From AceMoney to Mint and Quicken, there ’s no shortage of personal finance software apps out there. Many of these programs are free to download and will allow you to pay bills, invest, monitor your net worth and credit profile, and even get a loan with the swipe of a finger.

Other programs may only offer you limited services and will require a one-time fee or subscription to unlock all that they offer. These fees can often vary from as little as two dollars to 50 bucks a month.

It’s best to start off with the free version and then gauge whether you’re able to accomplish everything you’d like or if it’s worth exploring one of the paid options. Often times the subscription programs come with assistance from financial planning and investment experts — so that can be a real benefit.

When deciding which personal finance software program to use, it’s also important to look at how many accounts you wish to monitor. Certain programs limit the number of accounts you can add. Be sure that if you have checking, credit card, and investment accounts to monitor, that you choose a service that can monitor them all.
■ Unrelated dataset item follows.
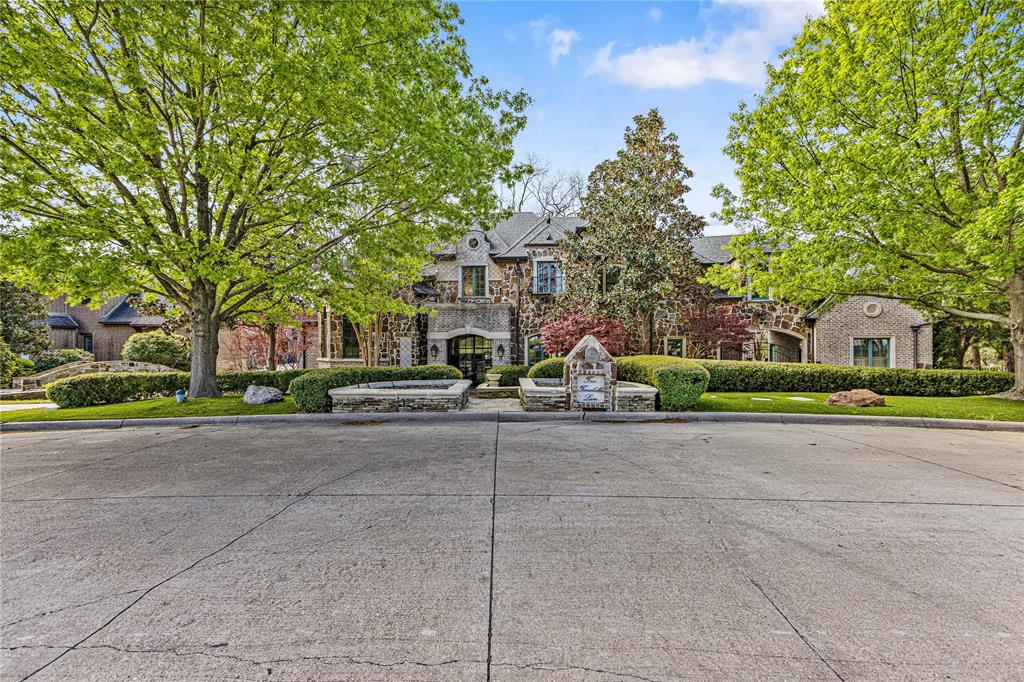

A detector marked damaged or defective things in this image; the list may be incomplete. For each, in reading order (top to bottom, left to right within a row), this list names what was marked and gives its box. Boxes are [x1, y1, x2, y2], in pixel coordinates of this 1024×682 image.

crack in concrete [17, 458, 376, 675]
Finally, when looking around for the right personal finance software that meets your needs, make sure that you’re comfortable with the program’s interface. It shouldn’t be expected that you recognize every single feature instantly, but if the features don’t seem readable and manageable to you, then you’re not as likely to use it and get the full benefits.

Final Thoughts

Personal finance software can go a long way in helping you to take control of your money and meeting your financial goals. It’s important to note, however, that some focus more on budgeting and expense tracking while others prioritize investing portfolios and income taxes. Explore several different programs and read reviews to find the one that’s right for you.

In this day and age, managing one’s personal finances in a secure manner that allows the user to have a real-time visual representation of their money is easier than ever before. With the numerous applications that are out there — both free and subscription-based — there’s no reason that every person can’t take control of their money and ensure they’re making smart money moves.